Marvel Entertainment, Inc.
417 Fifth Avenue
New York, New York 10016
September 20, 2007
Via EDGAR
Cheryl L. Grant, Esq.
Attorney-Advisor
Division of Corporation Finance,
United States Securities and Exchange Commission,
100 F Street, N.E.
Washington, D.C. 20549
Re: | Marvel Entertainment, Inc. |
Definitive Schedule 14A
Filed March 30, 2007
File No. 1-13638
Dear Ms. Grant:
Reference is made to the comments of the Staff of the Securities and Exchange Commission (the “SEC" or the “Staff”) with respect to the above-referenced Definitive Schedule 14A (the “Proxy Statement”) in the letter (the “Comment Letter”) dated August 21, 2007, addressed to Isaac Perlmutter, Chief Executive Officer of Marvel Entertainment, Inc. (“Marvel” or "we" or “us”).
We understand that the comments in the Staff’s letters do not require an amendment to our Annual Report on Form 10-K for the year ended December 31, 2006, which incorporated portions of our Proxy Statement by reference. In response to your comments, we are undertaking to provide additional explanation and disclosure in future filings which call for a Compensation Discussion and Analysis (“CD&A”) and other disclosures under Items 402 and 407 of Regulation S-K. Obviously, actual disclosure in future filings will reflect the facts and circumstances for the period discussed, which may differ from those described in the Proxy Statement or referred to in our responses below.
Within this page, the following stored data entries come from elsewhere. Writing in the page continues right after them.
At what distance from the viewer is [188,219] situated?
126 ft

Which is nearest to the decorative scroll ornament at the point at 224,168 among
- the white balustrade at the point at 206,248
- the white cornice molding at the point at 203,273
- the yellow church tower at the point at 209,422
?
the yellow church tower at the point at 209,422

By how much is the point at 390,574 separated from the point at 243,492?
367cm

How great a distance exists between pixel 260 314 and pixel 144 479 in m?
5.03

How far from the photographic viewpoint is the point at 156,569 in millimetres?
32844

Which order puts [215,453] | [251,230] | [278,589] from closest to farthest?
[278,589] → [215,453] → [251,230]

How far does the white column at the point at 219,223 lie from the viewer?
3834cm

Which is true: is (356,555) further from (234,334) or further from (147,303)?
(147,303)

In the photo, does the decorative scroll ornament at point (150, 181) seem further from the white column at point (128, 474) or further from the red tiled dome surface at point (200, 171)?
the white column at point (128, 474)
Our Compensation Committee (the “Committee”) is the key decision maker regarding compensation of the named executive officers, and its decisions and rationales are a primary focus of your comments (and, indeed, of the entire CD&A). Our management will work with the Committee on any future CD&A, and will seek the Committee’s help in developing improved disclosure that addresses the concerns raised by the Staff in the Comment Letter.
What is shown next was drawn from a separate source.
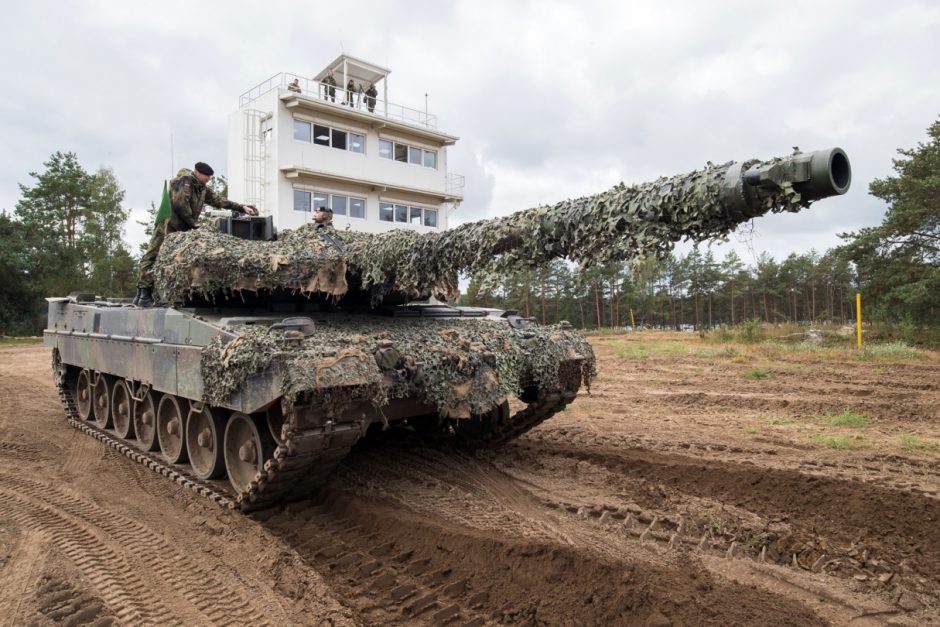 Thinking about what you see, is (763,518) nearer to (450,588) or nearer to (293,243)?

The Staff’s comments in the Comment Letter are copied below in bold type for your reference, and are followed by our response. The captions below correspond to those used in the Comment Letter.
Compensation of Directors – 2006, page 7
SEC Comment:
1. | Disclose all assumptions made in valuation of awards in column (c) of the director compensation table by reference to a discussion of those assumptions in your financial statements, footnotes to the financial statements, or discussion in management’s discussion and analysis. See instruction to Regulation S-K item 402(k), which refers to Instruction 1 to Item 402(c)(2)(v) and (vi). |
Response:
| The awards in column (c) of the director compensation table are all stock awards, as stated in that column’s footnote (Note 2). The FAS 123(R) fair value of these awards, per share, was equal to the closing price of the common stock on the day preceding the date of grant. Because the awards are stock awards (as opposed to option awards), there were no other assumptions made in their valuation. In the future, we will make it clear that the fair value of these awards is based on the grant date fair market value of the underlying shares. |
Executive Compensation, page 15
Compensation Discussion and Analysis, page 15
SEC Comment:
2. | Discuss how each compensation element and your decisions regarding that element affected decisions regarding other elements. See Item 402(b)(l)(vi) of Regulation S-K. For example, we note some disclosure on page 16 indicating that allocations are made on a case-by-case basis and that the committee makes its determination regarding singular elements based in part upon other elements of that executive’s compensation as well as the executive’s total compensation opportunity. Please explain the extent to which determinations with respect to one element of compensation influenced the committee’s decisions with respect to other allocated or contemplated awards. |
Response:
We understand the Staff's comment, and will explain how the Committee has viewed the elements of compensation relative to one another. Some elements of compensation for named executive officers are affected by other elements, and we agree that the CD&A can be enhanced with a fuller explanation of how determinations of the form and amount of one compensation element has affected the determination of others
As disclosed in the CD&A, the Committee exercises its subjective judgment in determining the type and amounts of some elements of compensation for individual named executives, without applying precise formulas. Our disclosure was intended to convey the fact that the Committee does not make decisions about these elements in isolation, but considers the totality of the named executive officer's compensation package and the other elements that comprise it when making its decisions. Because its decisions are subjective and may be based on multiple considerations – not just the type
and amount of other elements – we cannot disclose a precise interrelationship among compensation elements which does not really exist. But, we will disclose where compensation elements are and are not affected by determinations regarding other compensation elements.
SEC Comment:
3. | We note your statement on page 16 that you do not “regular[ly] use” compensation consultants. Yet it appears as though Pearl Meyer & Partners advised the committee with respect to the structuring of Mr. Perlmutter’s 2006 compensation. Please therefore provide the complete disclosure set forth in Item 407(e)(3)(iii) of Regulation S-K. |
Response:
As discussed in the CD&A, the Committee did not rely on information from its consultant as a "benchmark" for its determinations with respect to Mr. Perlmutter's compensation for 2006. We nevertheless accept this Comment, and going forward will provide a fuller explanation of the role of compensation consultants in our decisions as to the form and amount of compensation discussed in the CD&A, the nature and scope of their assignments, and material elements of instructions or directions the Committee has given to them.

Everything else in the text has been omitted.